Copy the records below exactly, starting at the line that contains "Clipart Of A" and ending at the line that contains "Cabela's Shirt Mens"; leave out any pictures.

== Data for the task ==
= Beginning of Section =

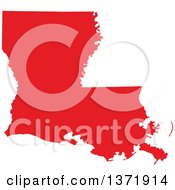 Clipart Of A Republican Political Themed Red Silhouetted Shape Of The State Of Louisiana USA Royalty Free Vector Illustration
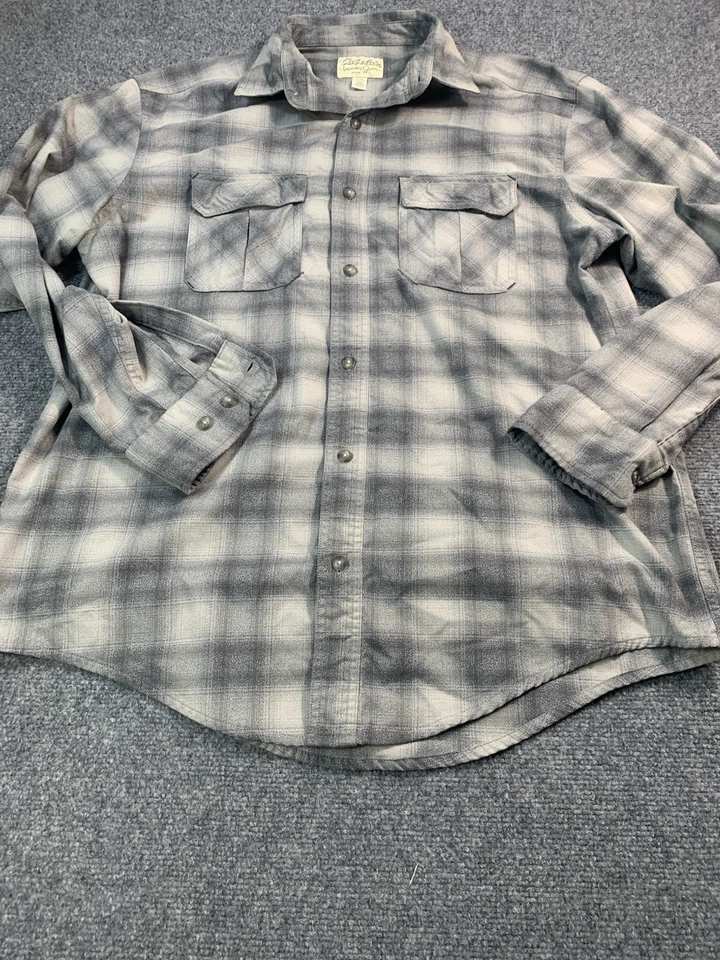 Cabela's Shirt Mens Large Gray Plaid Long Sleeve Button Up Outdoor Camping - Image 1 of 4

= End of Section =
= Beginning of Section =

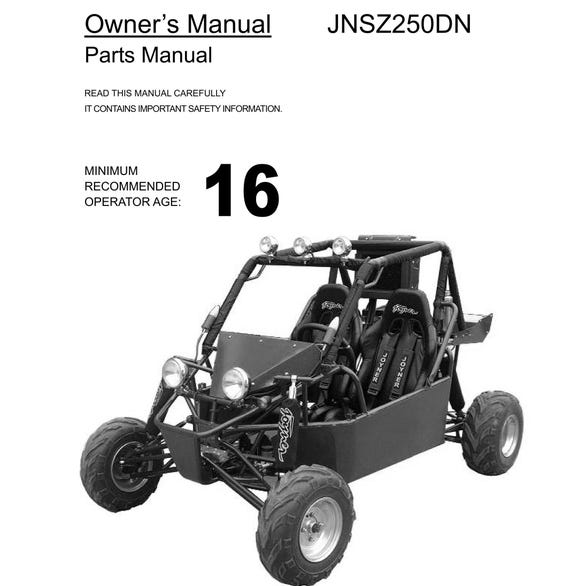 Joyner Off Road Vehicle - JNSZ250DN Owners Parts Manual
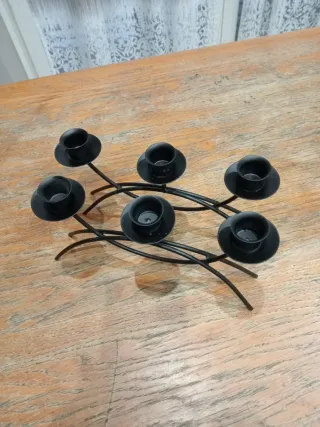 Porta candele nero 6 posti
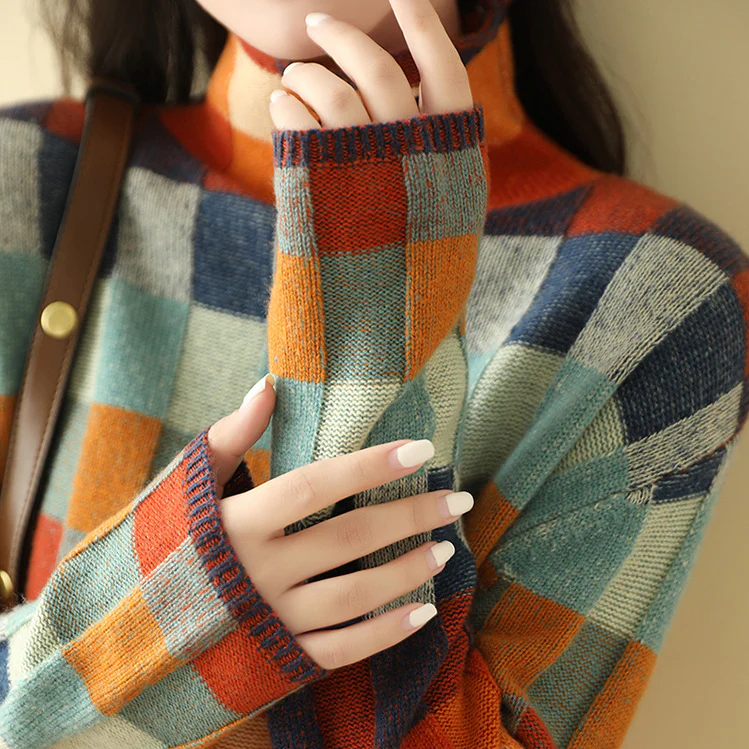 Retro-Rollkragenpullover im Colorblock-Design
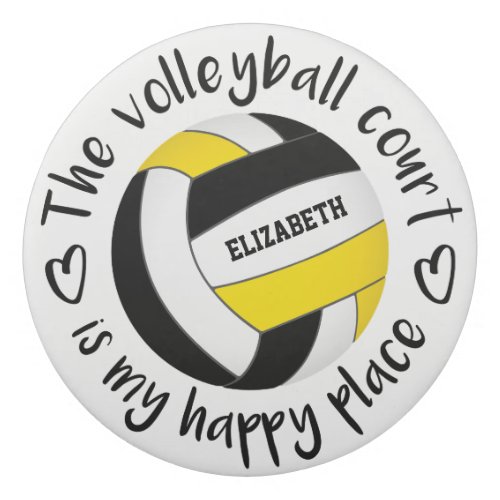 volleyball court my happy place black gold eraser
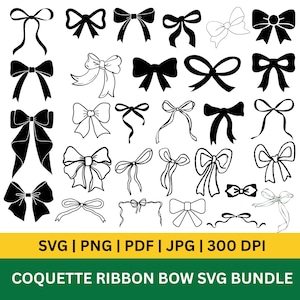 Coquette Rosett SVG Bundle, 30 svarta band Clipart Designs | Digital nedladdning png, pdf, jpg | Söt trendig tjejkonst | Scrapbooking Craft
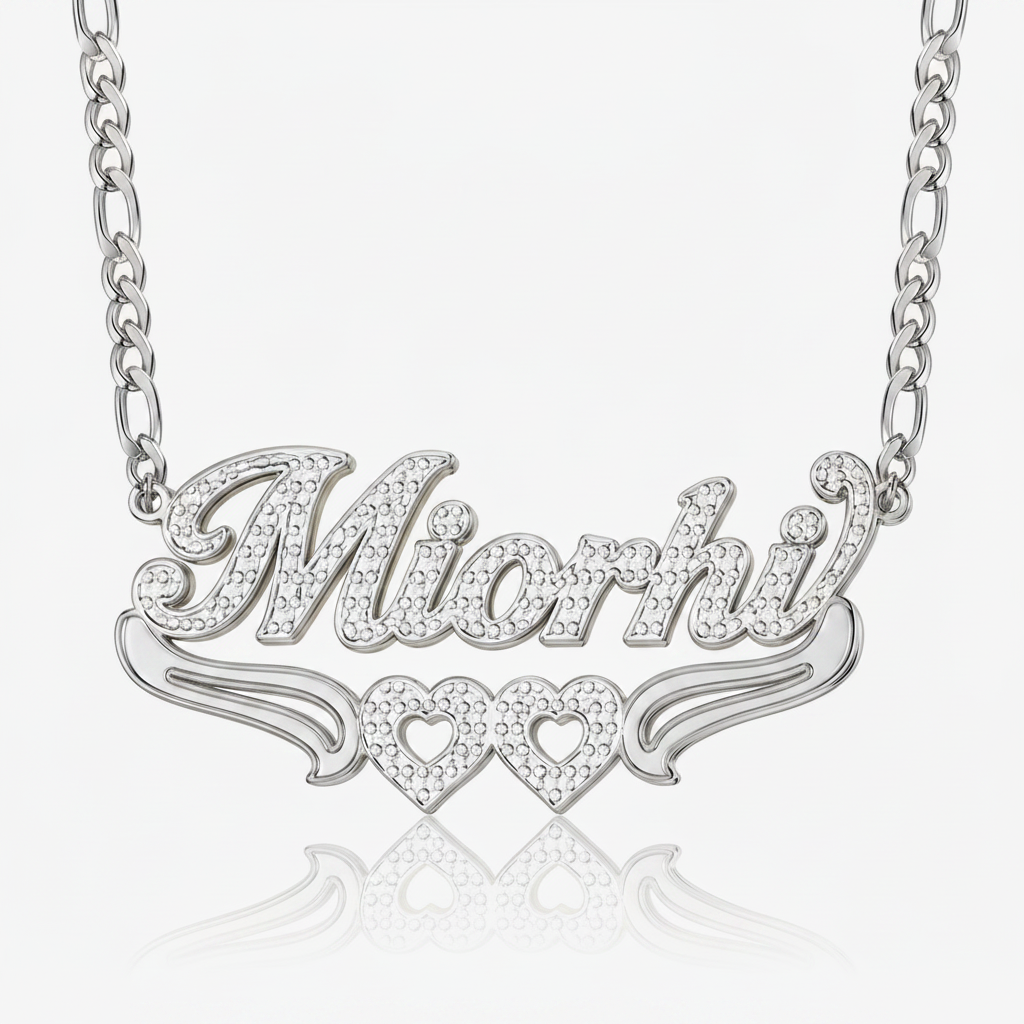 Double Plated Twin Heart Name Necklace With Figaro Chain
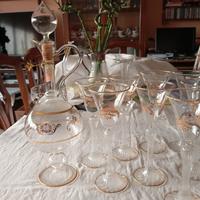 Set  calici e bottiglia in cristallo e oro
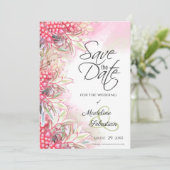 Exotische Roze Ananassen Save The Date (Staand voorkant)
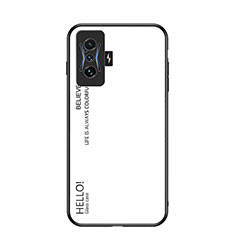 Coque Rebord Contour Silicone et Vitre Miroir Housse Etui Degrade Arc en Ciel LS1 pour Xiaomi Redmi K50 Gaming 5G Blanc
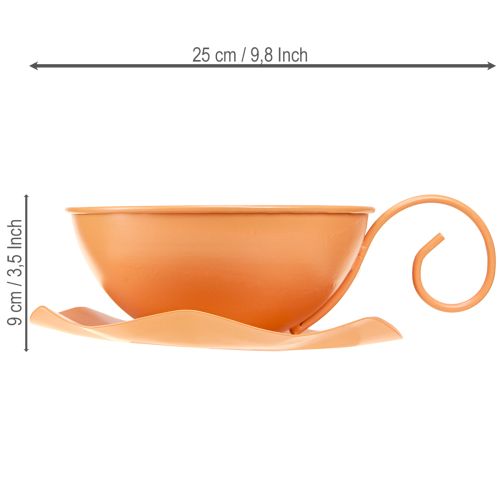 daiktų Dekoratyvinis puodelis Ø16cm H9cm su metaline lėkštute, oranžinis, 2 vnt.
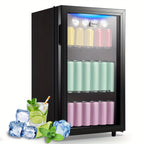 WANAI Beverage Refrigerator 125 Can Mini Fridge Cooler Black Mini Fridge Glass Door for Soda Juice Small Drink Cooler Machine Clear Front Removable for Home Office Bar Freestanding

= End of Section =
= Beginning of Section =

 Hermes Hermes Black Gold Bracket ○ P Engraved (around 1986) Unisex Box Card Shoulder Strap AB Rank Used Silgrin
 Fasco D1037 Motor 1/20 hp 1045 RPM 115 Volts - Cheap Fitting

= End of Section =

== Answer area ==
 Clipart Of A Republican Political Themed Red Silhouetted Shape Of The State Of Louisiana USA Royalty Free Vector Illustration
 Cabela's Shirt Mens Large Gray Plaid Long Sleeve Button Up Outdoor Camping - Image 1 of 4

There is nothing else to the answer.